Thanking Those Who Died By Suicide


International Survivors of Suicide Loss Day falls on the Saturday before Thanksgiving and is marked by events in many cities, sponsored by the American Foundation for Suicide Prevention (AFSP). While others rush around with the start of holiday shopping and partying season, we gather with fellow survivors to speak our pain and remember our lost ones. We set aside time to bring our grieving selves to a place where they are welcomed. 

I’ve been to two of these events and have appreciated the chance to learn from and meet other survivors, especially parents who’ve lost children. This year, I invited my husband, who generally stays away from events in the suicide loss community other than his support group. Amazingly, he said yes. Even more surprising, he stayed for the whole afternoon rather than leaving in discomfort. We were both struck by how nearly everyone in the break-out group for parent survivors had lost a young son.
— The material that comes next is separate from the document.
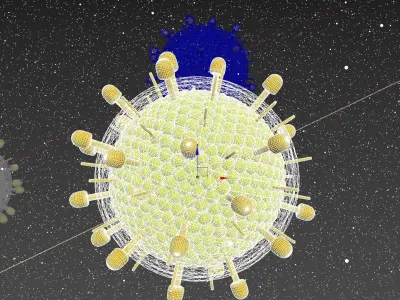 Virus mumbs parotitis 3D model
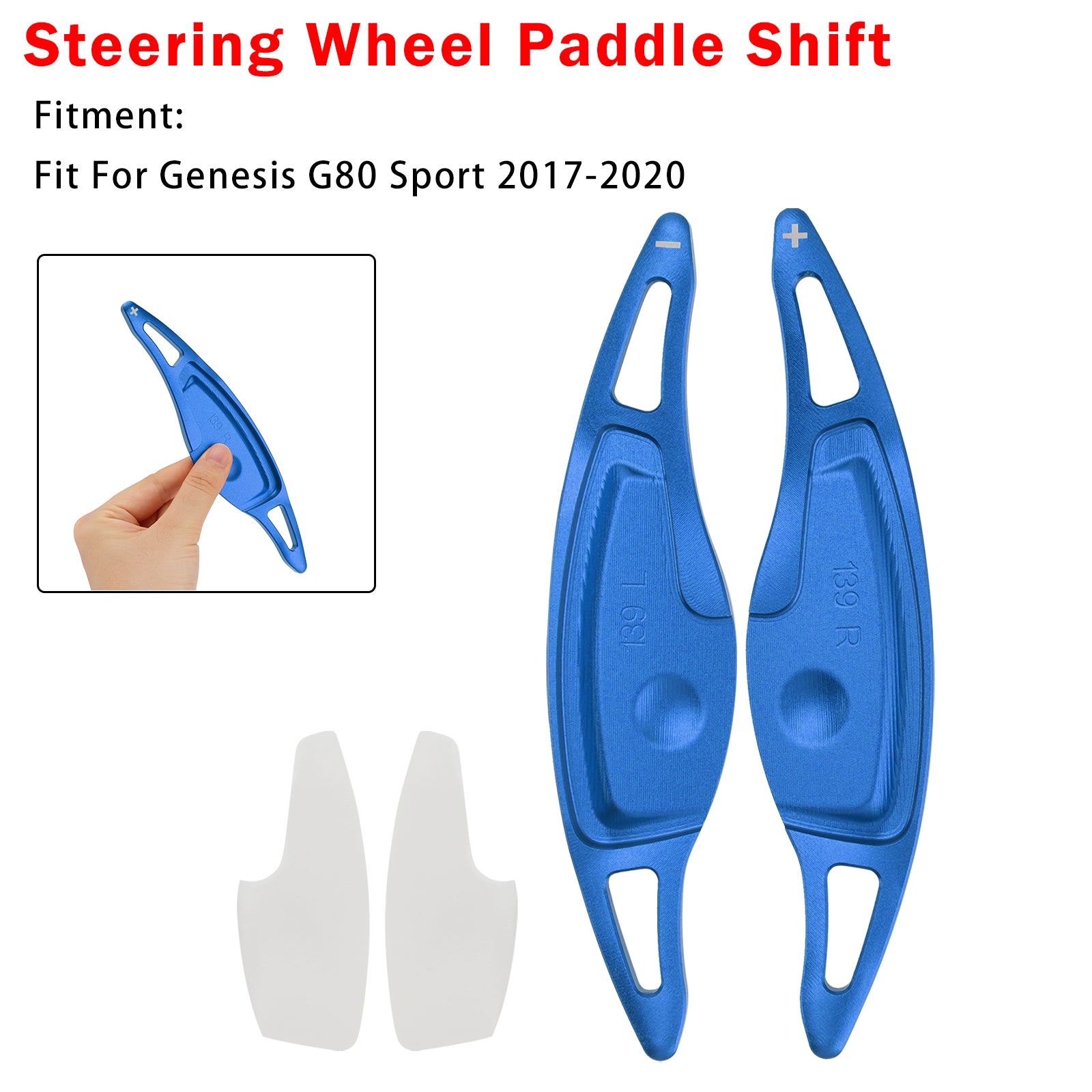 Palettes De Changement De Vitesse Pour Genesis G80 Sport 17-20 Aluminium Bleu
And we were moved by the wisdom of survivors who after many years have, as one put it, “found a place for my grief journey in my life journey.” (You can see Life Journeys: Reclaiming Life After Loss, this year’s helpful AFSP documentary on survivors, here .)

The closing ceremony at the Los Angeles gathering was in a church sanctuary, holding us safe.  We were given thank you stones and asked to thank our lost person for one thing, out loud. “For Noah,” I said, “thank you for your love of life.” “For Noah, thank you for spending your last few weeks with us,” said Bryan beside me. Others gave thanks for things large and small – for making us laugh, for your creativity, for introducing me to sports, for being my goofy big brother, for the memories, for the years we had together, for giving it your best shot. No one hesitated, not even those whose loss was still raw. No doubt we all could have said much more.

“What do we do with this season of gratitude?” asks survivor blogger Janie Cook . “Maybe it would help if we were simply given permission to be grateful without being happy about it.” For the gift of a life that ended too soon, we may feel “a profound gratitude that spills out of us through tears.” 

This Thanksgiving, I’m grateful to Bryan for joining me on the journey. To our older son, Ben, for coming home from his travels to spend the week with us. And to Noah for the love and life we shared for 21 years. I know he would have been here if he could have to bake the pumpkin pie, perch his elbow on my shoulder, and let me kiss him on the head.

1 comment:

  1. The mourner's path continues to be a long journey. How brave and open-hearted of you to feel such gratitude in this season.